An Alberta wind farm.
An Alberta wind farm.

Those involved in the burgeoning wind power field will be pleased by the conclusions of a team of medical doctors, audiologists and acoustical professionals.

The American and Canadian Wind Energy Associations established a scientific advisory panel in 2009 to review the current literature available on the issue of perceived health effects from wind turbines. The panel’s report, issued in December, states unequivocally that “There is no evidence that the audible or sub-audible sounds emitted by wind turbines have any direct adverse physiological effects.”

They also say, “The ground-borne vibrations from wind turbines are too weak to be detected by, or to affect, humans.”

The panel found that there is nothing unique about the sounds or vibrations emitted by the turbines, and that they are in fact “similar to the ambient noise levels in urban environments.”

The panel appreciated that some people do react to sounds that modulate in intensity or frequency, and noted that most complaints about wind turbine sound relate to the swishing sound produced by the blades.

However, basing their conclusions on a “substantial” body of accumulated knowledge about sound and health, the panel decided that the existing evidence indicates that claims of adverse health effects “are merely a subset of annoyance reactions,” and asserts,  “annoyance is not a pathological entity.”

The panel found that the epidemiological evidence for health effects did not exist, since there were no case-control or cohort studies conducted to date. The evidence of vibroacoustic disease (tissue inflammation and fibrosis associated with sound exposure) is “extremely dubious” at the levels of sound associated with wind turbines.

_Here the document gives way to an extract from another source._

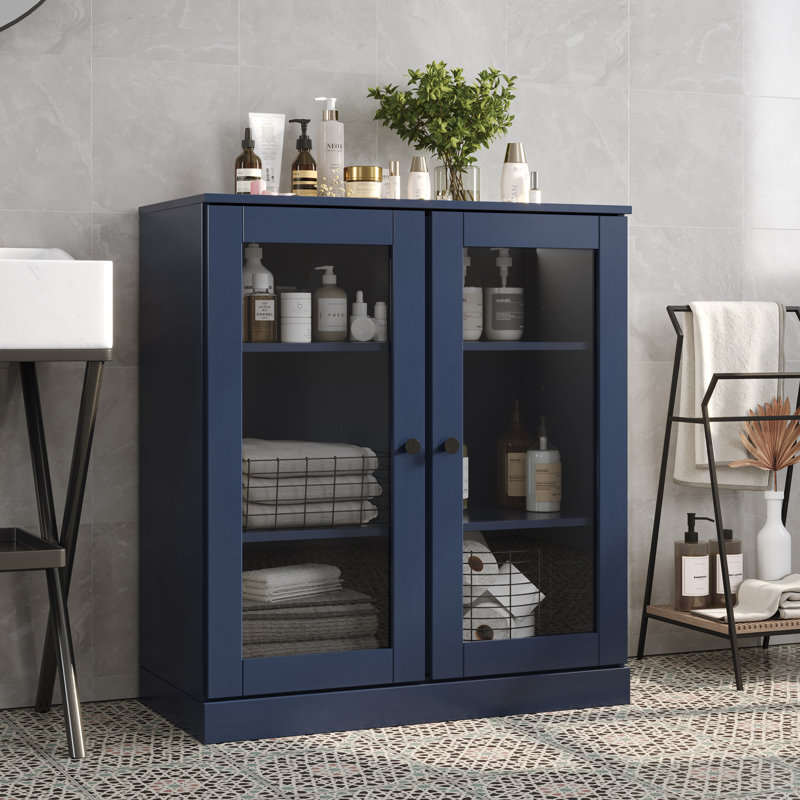 100% Solid Wood 32" Bathroom Cabinet with Clear Glass Doors and Adjustable Shelves, Navy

They also concluded that “the number and uncontrolled nature of existing case reports of adverse health effects alleged to be associated with wind turbines are insufficient to advocate for funding further studies.”

Members of the seven-person panel included W. David Colby, M.D., Acting Medical Officer of Health for Chatham-Kent and professors from the Universities of Texas, California, MIT and Western Washington. Mark Bastasch of CH2M Hill was technical advisor to the panel.